Refreshing Comments from an Elected Official

On this site you can read a lot of lecturing about how others should do their jobs. Well, when an elected official shows that he can take games seriously, instead of personally, he should get credit for that. Unfortunately for Americans, this guy is a member of the UK Parliament. But here's what struck me about Don Foster of Bath, in his remarks to The Guardian backing the gaming industry as an important part of the British economy:

"I hardly play any games, I'm not from that generation, but because of my job, I had to research the industry. The vast majority of my parliamentary colleagues are always wanting to ban the latest game, but they don't know the details of the industry. Few people in this country realise how important it is to the UK economy."

Instead of trivializing or dismissing something he didn't understand, he looked into it and gave it a fair evaluation. It's part of being a representative and a leader, and I wish others would practice it more — and on subjects other than video games, of course.

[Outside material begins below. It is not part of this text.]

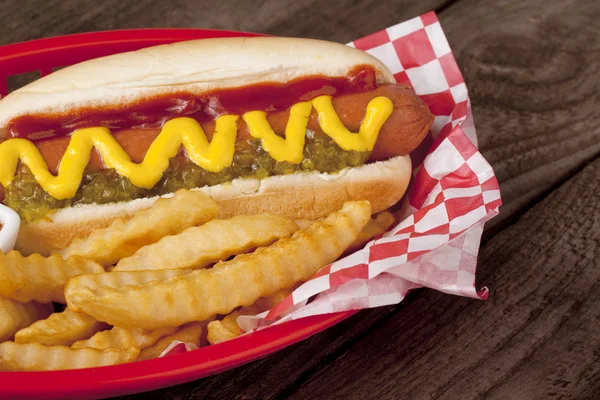 Een plaat met hotdog broodje en aardappel frietjes — Stockfoto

Foster was noting how the UK games industry had fallen to fourth place overall in world development, and backing UK publishers who need stronger education policy to deliver them trained graduates, and tax breaks to stop the drain of development to nations with lower costs of doing business. Eidos' creative director and head of acquisitions recently said that the mainstream of the UK still treats games makers as "one notch up from pornography," and the government's posture doesn't help. Not sure how effective Mr. Foster will — Liberal Democrats are the third largest party in Parliament —┬ábut at least he's showing some support.

UK MP Backs Games Industry [Edge Online via GamePolitics]


Comments

    I completely agree with Owen Good's post - "Instead of trivializing or dismissing something he didn't understand, he looked into it and gave it a fair evaluation. It's part of being a representative and a leader, and I wish others would practice it more -- and on subjects other than video games, of course."

    It's true that many politicians are now restricting artistic freedom in various forms of media including games for the sake of archaic morals, some of which have diminishing relevance in today's society.

    An example of this is Australia's OFLC attempting to ban Fallout 3. Though the cosmetic depiction of drug use is not entirely necessary in game play, I believe Bethesda intended the images to depict a gritty realism of a pseudo-alternate reality.

    Aside from the freedom of expression that many politicians are attempting to suppress, the economic benefits that it provides is often overlooked. Now rivaling that of some movie industries, Video Games are now generating billions of dollars for some economies (such as the US). Owen Good's post further elaborates that the more politicians attempt to dismiss booming industries, there will be an increased likelihood of a 'brain drain' occurring in that sector of the economy.

    Aside from the issue of video games, a greater paradigm is raised. And that is better leadership. Instead of politicians that attempt to politicize every issue in an attempt to manipulate the media to alter public opinion, we need actual leadership. At the end of the day, in most capitalist and democratic countries, its up to citizens to be well informed in choosing the right representatives. Furthermore, active citizens must not blindly agree to whatever is forced upon them, but instead should voice their collective opinions should the need arise.